The Vodafone Holiday offer automatically renews every four weeks for €29 – in order to cancel you’ll need to call a toll-free number. The Vodafone website says that the €30 includes the first renewal, suggesting the payment will cover the first four weeks plus an additional four after that, but you’ll want to double check before buying. You’ll need to go to a store in person to get the card.


TIM is one of Italy’s longest-standing and most well-established network providers, having been founded in 1994 following a merger between several state-owned companies.
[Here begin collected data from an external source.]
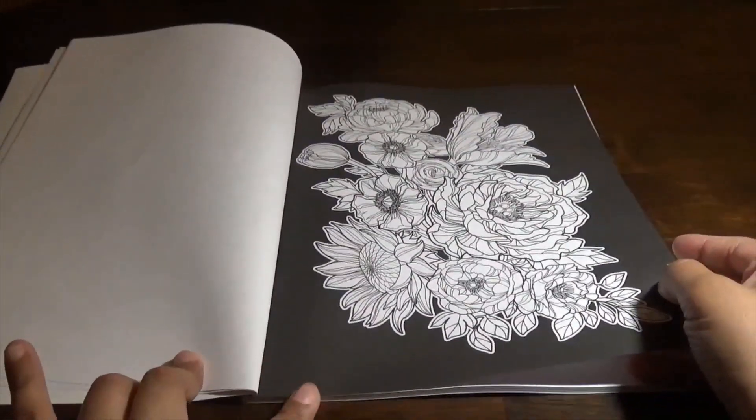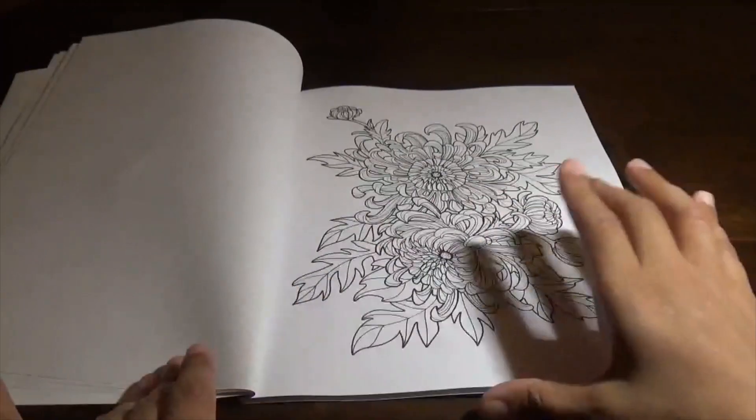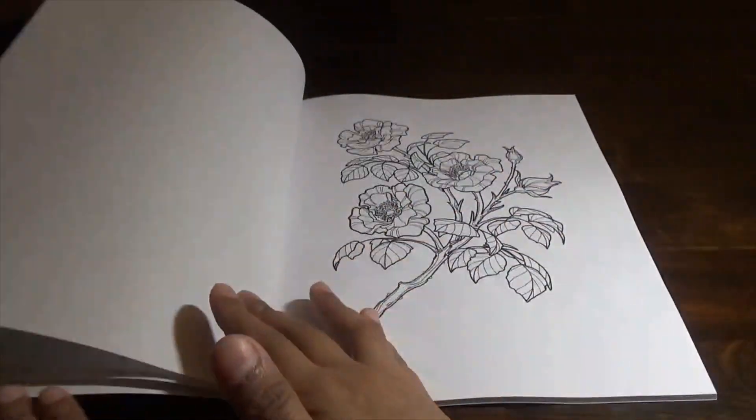On the pages with black, it gives it something special. These are interesting.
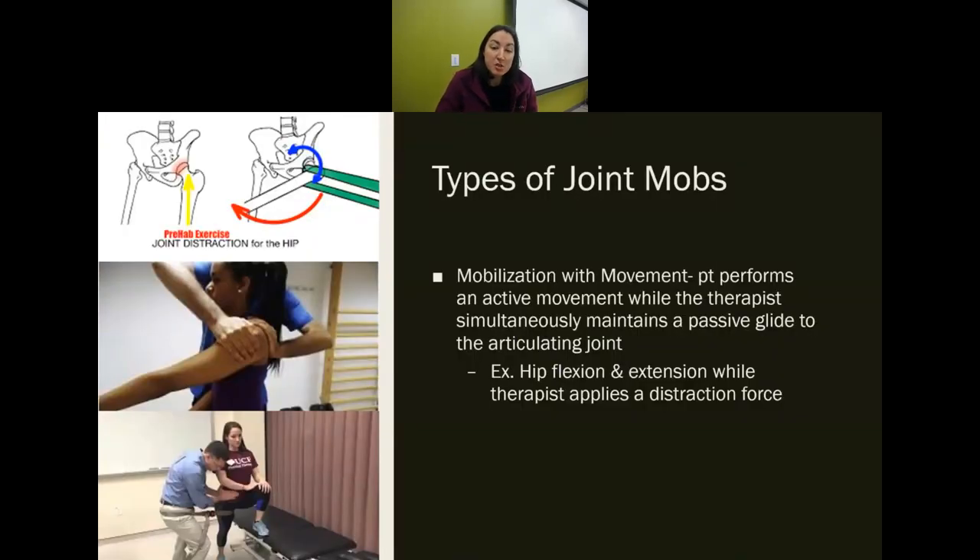There's also mobilization with movement, where either the PT or a piece of equipment holds the patient in position while they passively or actively move into different positions. In one example, the therapist is pushing while the patient lifts their arm; in another, there's a lateral glide while the patient does a lunge. The therapist provides a distraction force to open up the joint while the patient moves.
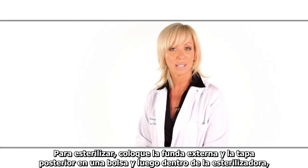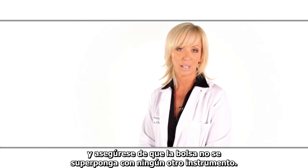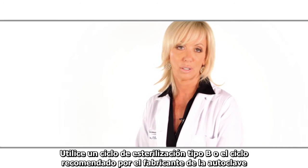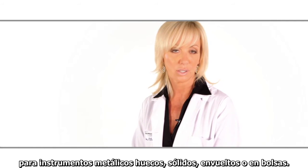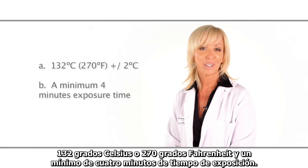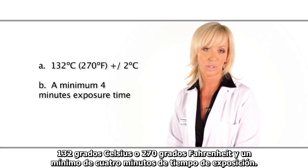To sterilize, place the bagged outer sheath and rear cap in the sterilizer, ensuring that the bag does not overlap with any other instruments. Use a type B sterilization cycle, or the cycle recommended by the autoclave manufacturer for wrapped, bagged, solid or hollow metal instruments. Typical appropriate cycles will have the following attributes: 132 degrees Celsius or 270 degrees Fahrenheit and a minimum of four minutes exposure time.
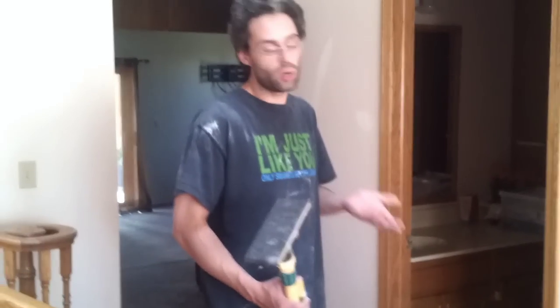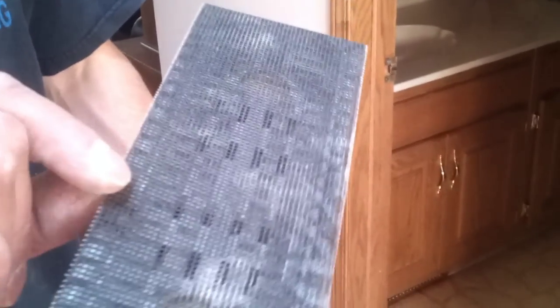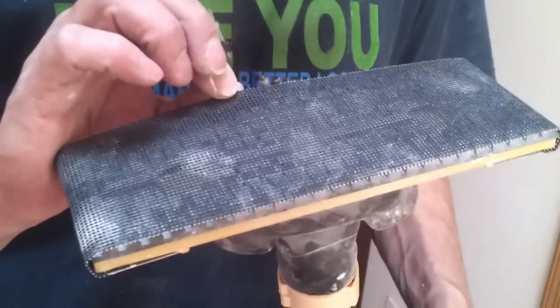It works pretty good for sucking up the dust as I'm going, when people are living in a house and I have to come in and work. The sandpaper is like a mesh, gritty, see-through — lets dust through. The vacuum's got a nice little rubber piece here that swivels and stuff.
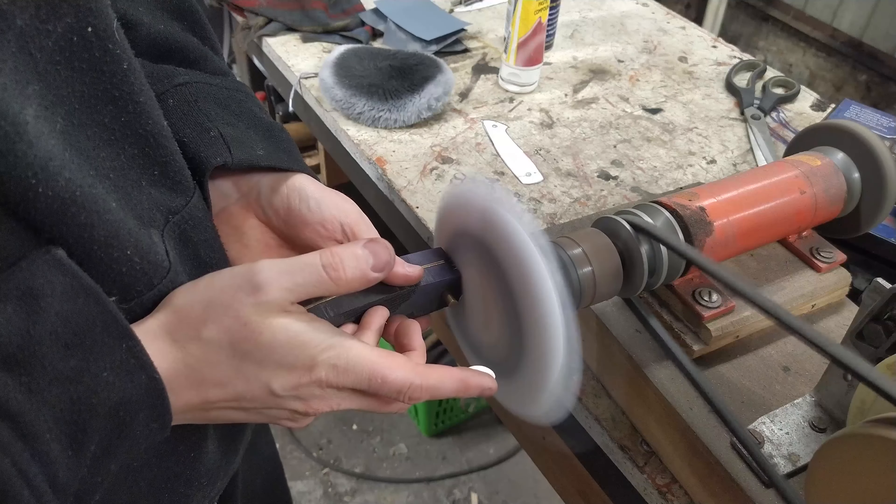Funny thing — I didn't expect that I would use this guillotine so often when I received it as a gift. Right now I'm using it a lot. Cool tool.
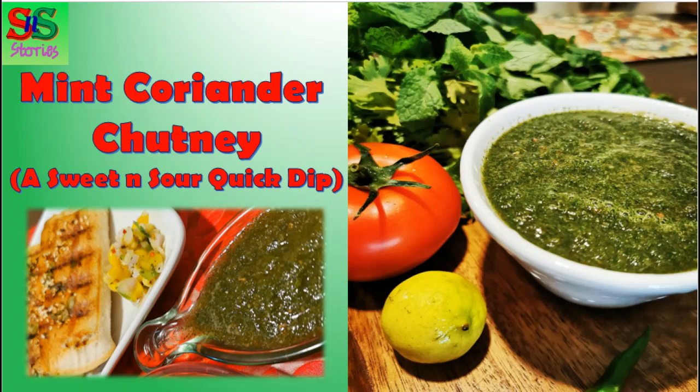Dhaniya pudine ki chutney, that is mint coriander chutney. This is something which without our snacks, sandwiches and rolls, it is not complete. It gives that extra dimension to our dishes.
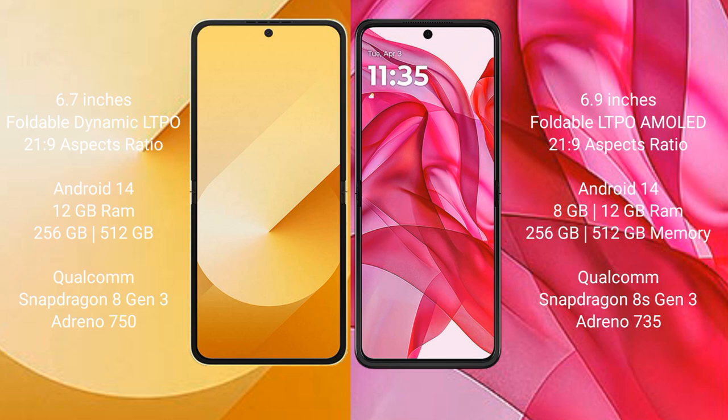The Samsung Galaxy Z Flip 6 comes with 12GB RAM and 256GB or 512GB of internal storage, powered by the Snapdragon 8s Gen 3 processor with an Adreno 750 GPU.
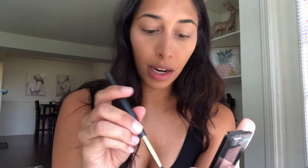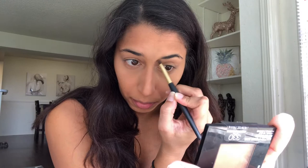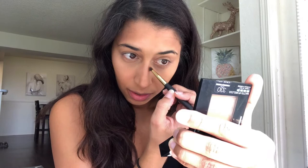This next part is really personal preference — I enjoy contouring the sides of my nose just a little bit. It just creates some more definition. I'm still going to use the same powder but with a smaller brush, and I draw a line from the tip of my nose up to my eyebrow.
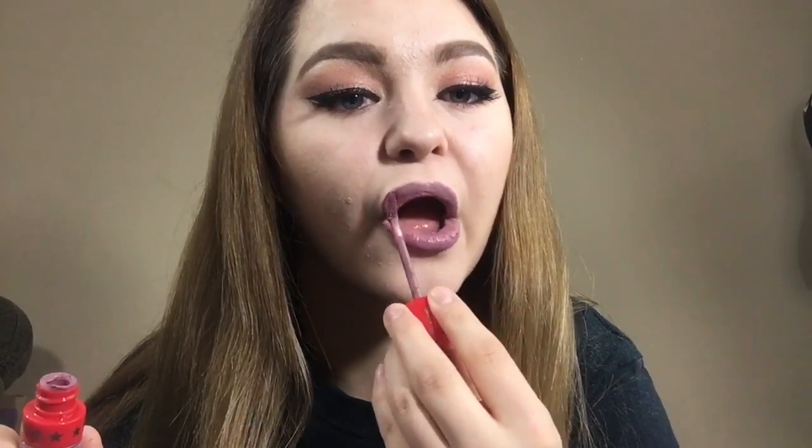This is the final look — I hope you like it! If you do, hit the thumbs up button down there and subscribe to my channel. Thanks guys!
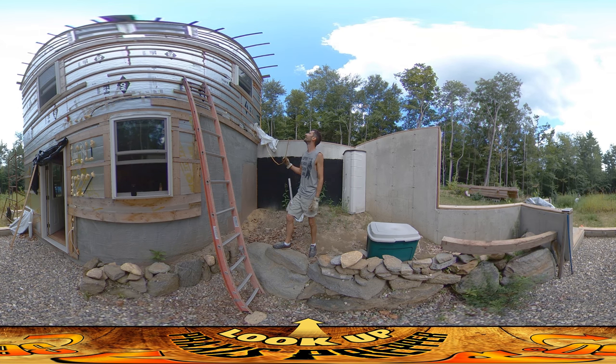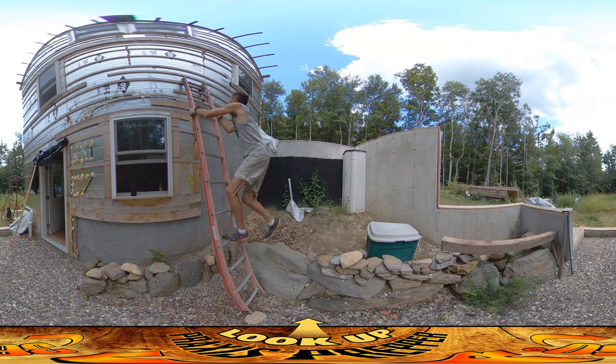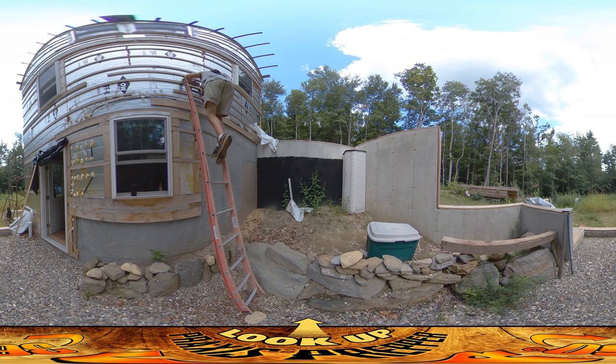Dad, are you all set? Why don't you pull plenty through so I can feed this to you. Yeah, I've got a bunch already, I'm ready to start. Okay, I'll need about six feet once you get through the hole. Right now I've got about three — let me give you another three or four.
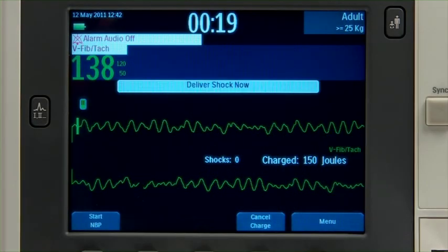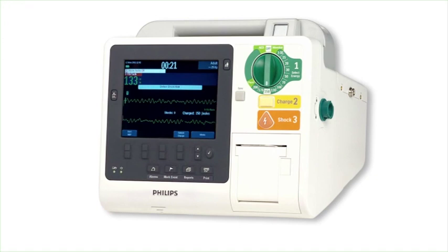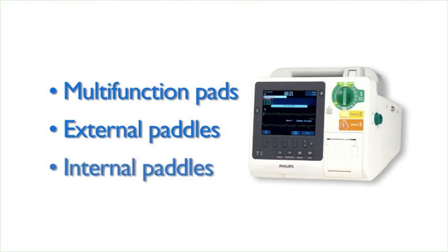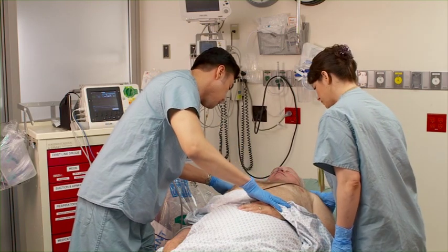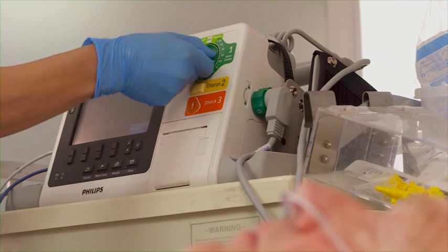With manual defibrillation, you control the defibrillation process. The HeartStart XL Plus lets you perform manual defibrillation using multifunction electrode pads, external paddles, and internal paddles. Here we'll demonstrate manual defibrillation using external paddles. After assessing your patient, determining that defibrillation is necessary, and preparing the patient, set the therapy knob to the desired energy for the patient.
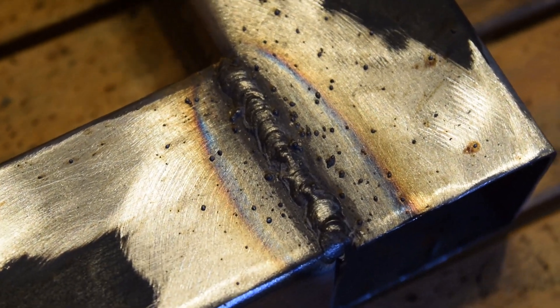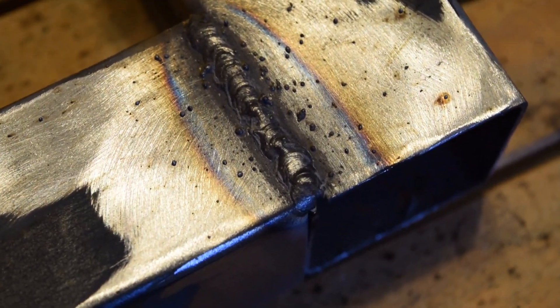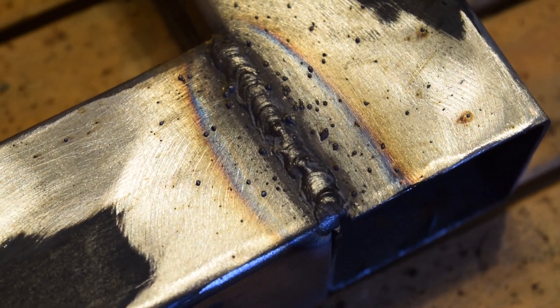As you can see it does weld pretty good with 1/8 inch steel. I'm using Lincoln wire — it does cut down the splatter compared to the Forney wire. I would recommend using it. Thanks for watching.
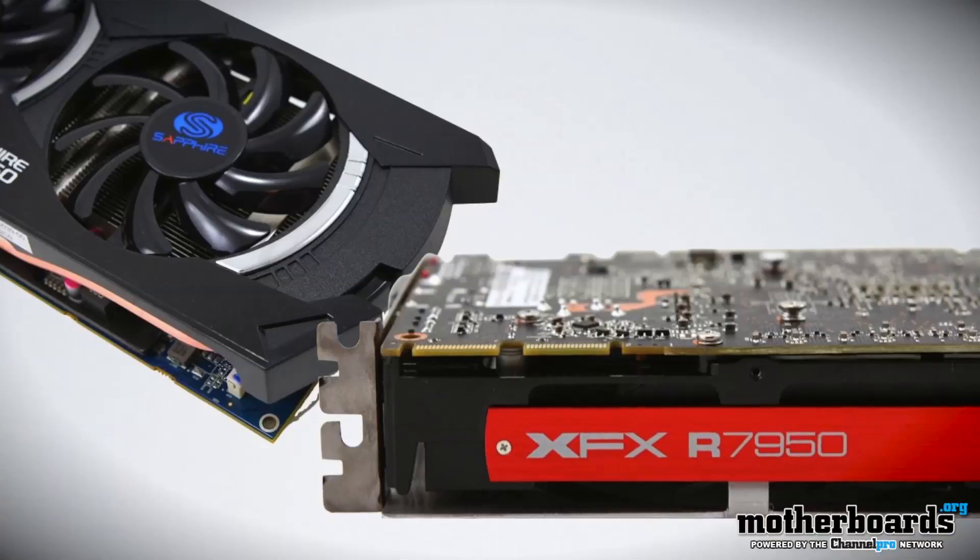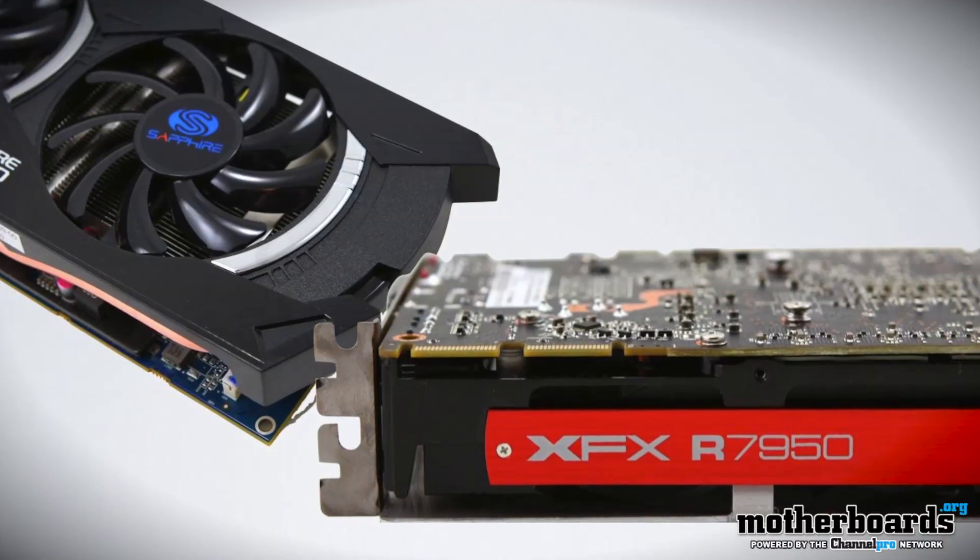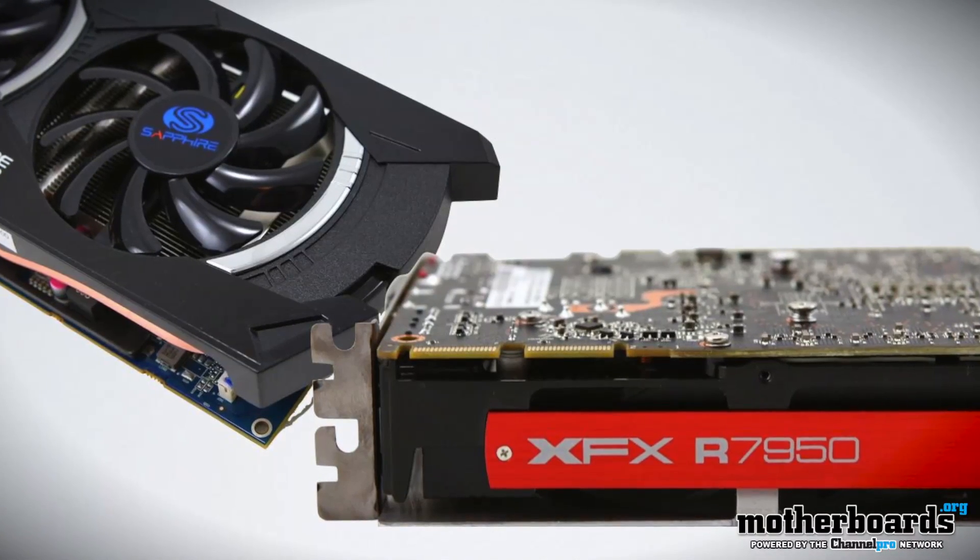Hey, what's up guys, it's me Elric back here on the Motherboards.org YouTube channel. Hopefully you guys saw all the videos we had this week on the 7950 series cards — we took a look at XFX and also Sapphire. Today, what's next? Obviously crossfire. So today we took those two cards from two different manufacturers, put them together, and ran them in crossfire. Let's jump right in and see how these bad boys do.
The “Tim Tourist” SIM card costs €20 for 15GB of data and 200 minutes of calls within Italy and to 58 foreign countries, and promises “no surprises” when it comes to charges.

You can use the full 15GB when roaming within the EU at no extra charge, and in the EU can use your minutes to call Italian numbers. The deal is non-renewable, so at the end of the 30 days you won’t be charged any additional fees.

READ ALSO: MAP: Which regions of Italy have the most Blue Flag beaches?

To access the offer, you can either buy it directly from a TIM store in Italy, or pre-order using an online form and pay with your bank card. Once you’ve done this, you’ll receive a PIN which you should be able to present at any TIM store on arrival in Italy (along with your ID) to collect your pre-paid card. The card won’t be activated until you pick it up.


Iliad is the newest and one of the most competitive of the four major phone companies operating in Italy, and currently has an offer of 120GBP of €9.99 a month. For this reason, some travel blogs recommend Iliad as the best choice for foreigners – but unfortunately all of their plans appear to require an Italian tax ID, which rules it out as an option for tourists.


Though buying a pre-paid SIM card is a very useful option for visitors spending a decent amount of time in Italy, as mentioned above, there’s a significant different difference between buying a one-time pre-paid SIM versus a monthly plan that auto-renews.

Make sure you know which one you’re signing up for, and that if you choose a plan that will continue charging you after your vacation has ended, you remember to cancel it.

UK contracts

If you have a UK-registered mobile phone, check your plan carefully before travelling. Before Brexit, Brits benefited from the EU cap on roaming charges, but this no longer applies.

Some phone companies have announced the return of roaming charges, while others have not, or only apply roaming charges only on certain contracts.

In short, check before you set off and don’t assume that because you have never been charged extra before, you won’t be this time.